The report on the UKAD website is heavily redacted, but there is enough in there to gather that Hardaker has been judged to have had mitigating circumstances. There is something in there about an anniversary and something about depression. All of this may be entirely genuine, but was any of this taken into account when Chase and others were banned? It now seems that the two-year ban which many thought was mandatory for taking a banned substance during competition is out of the window. The door has been opened for any player found guilty of taking a recreational drug to be treated more leniently if they can convince the panel that they were feeling low enough to make drug use seem like a reasonable course of action. It will be very interesting to see what happens to Thomas Minns of Hull KR after he admitted to a similar indiscretion recently.

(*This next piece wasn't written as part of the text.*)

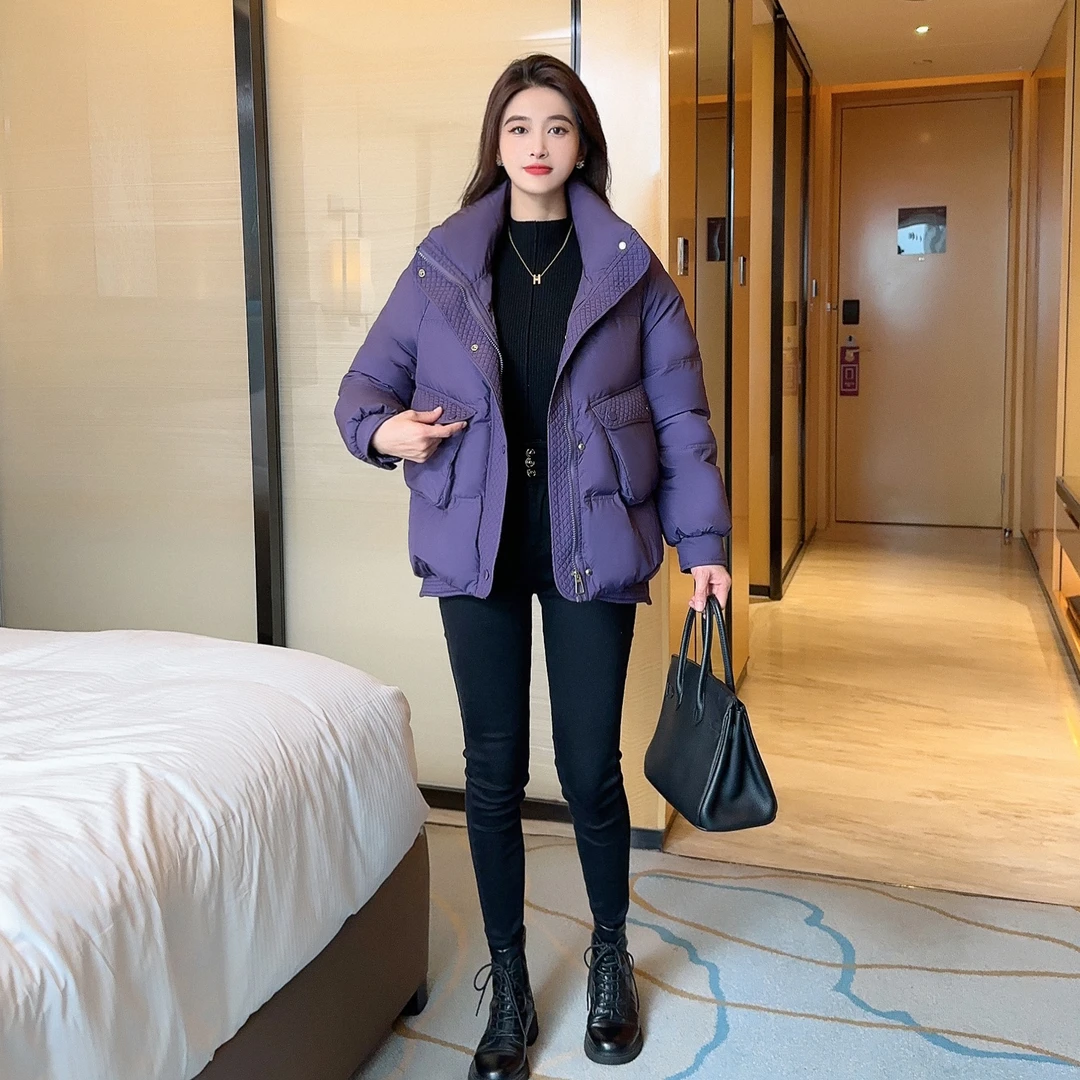 艾格羽绒服女新款冬季保暖加厚女士宽松短款外套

The backdating of the ban is also a head-scratcher. Hardaker’s ban is said to start from September 8, which is the date that he was tested. Yet he played in competitive games for the Tigers after that date. How can he be said to have already served that time then if he was playing until the end of September? The Grand Final on October 7 was the first game that Hardaker was forced to miss because of the test and so surely this should be the earliest date that any ban should be backdated to. Cynics have suggested that this abhorrent fudging of the rules has something to do with Hardaker’s impending arrival at Wigan. Others have claimed that the Warriors club doctor and other club employees poked their noses into UKAD’s business in helping determine the length of the ban and the date that it should start. Certainly Chris Brookes, the Wigan club doctor, is also involved with England who are another side who have sorely missed Hardaker since his failed test.

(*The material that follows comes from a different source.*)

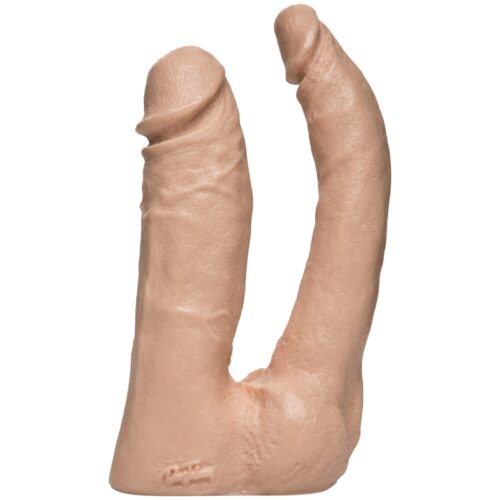 Doc Johnson Vac U Lock Double Penetrator Dildo Naturals – White, 6inch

Whatever you think of Wigan’s conduct spare a thought for Castleford in among all of this. They were morally obliged to sack Hardaker at the time of his failed test, only for another club to come along and benefit from UKAD’s rather generous decision making. So, is there one rule for the bigger clubs and one rule for the rest in rugby league? Wigan fans will point to Ben Barba’s 12-game ban for drug use as a reason for this writer to wind his neck in about the whole affair. But the key difference is that firstly Barba’s drug use was out of competition, and that secondly Saints nor any of their employees had any part to play in deciding what punishment should be meted out to Barba. Saints took advantage of what you could reasonably argue was a lenient sentence after the fact, which has its own rights and wrongs. But Wigan appear to have played a part in engineering a lenient sentence for a guilty player whose past record is hardly the stuff of the nice boy next door.

Most fans outside a certain Lancashire town can smell something unpleasant in all of this.